### Your objective:
Restate the data word for word. Leave the pictures out.

### Dataset extract:
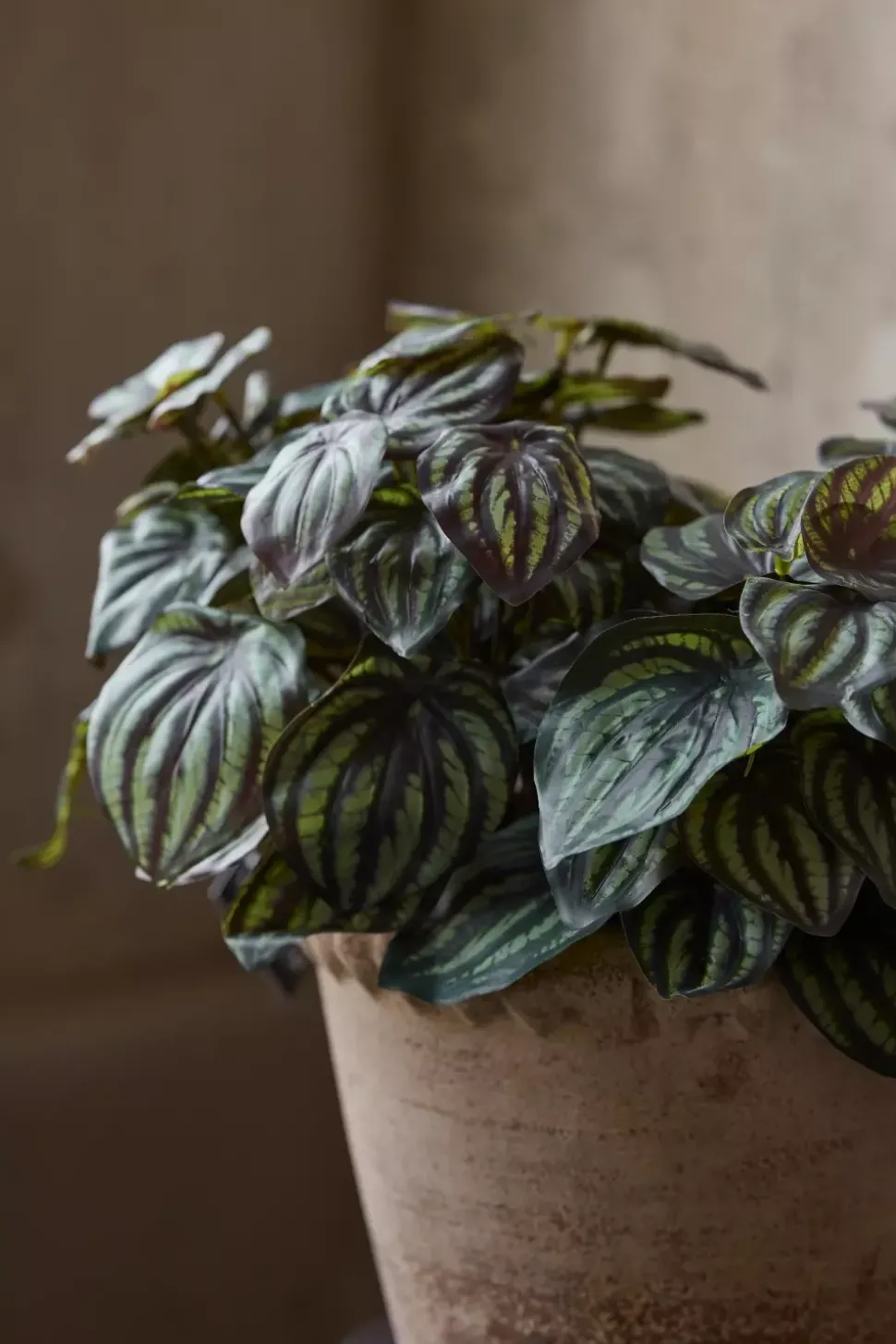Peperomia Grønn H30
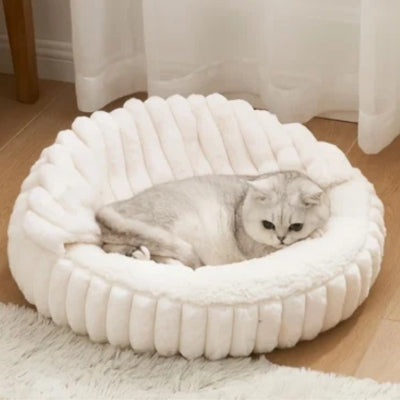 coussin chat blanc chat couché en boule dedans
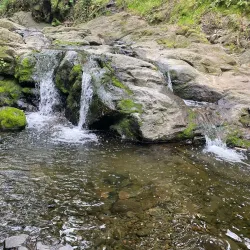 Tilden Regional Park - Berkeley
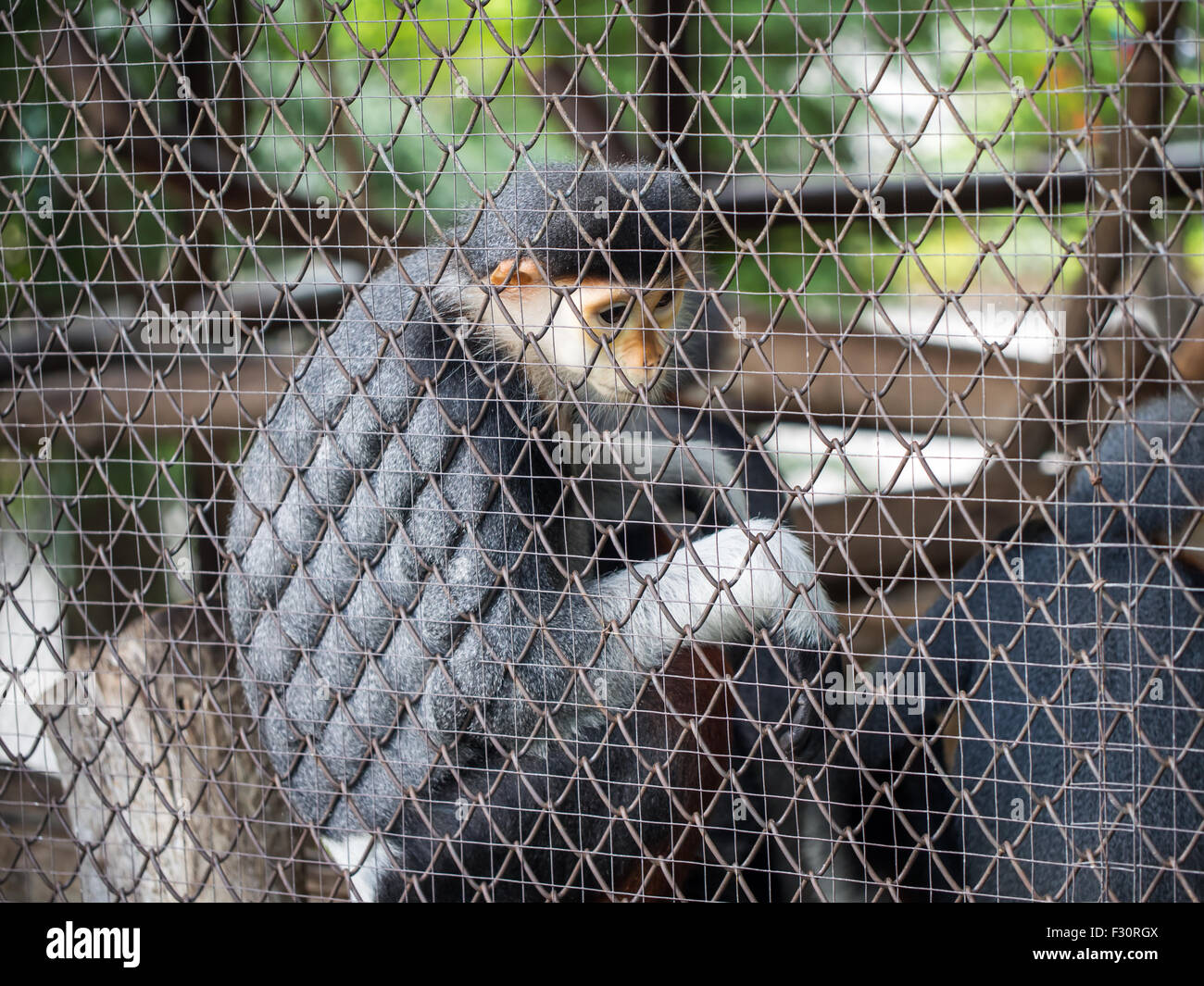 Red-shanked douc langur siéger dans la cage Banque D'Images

### Expected answer:
Peperomia Grønn H30
 coussin chat blanc chat couché en boule dedans
 Tilden Regional Park - Berkeley
 Red-shanked douc langur siéger dans la cage Banque D'Images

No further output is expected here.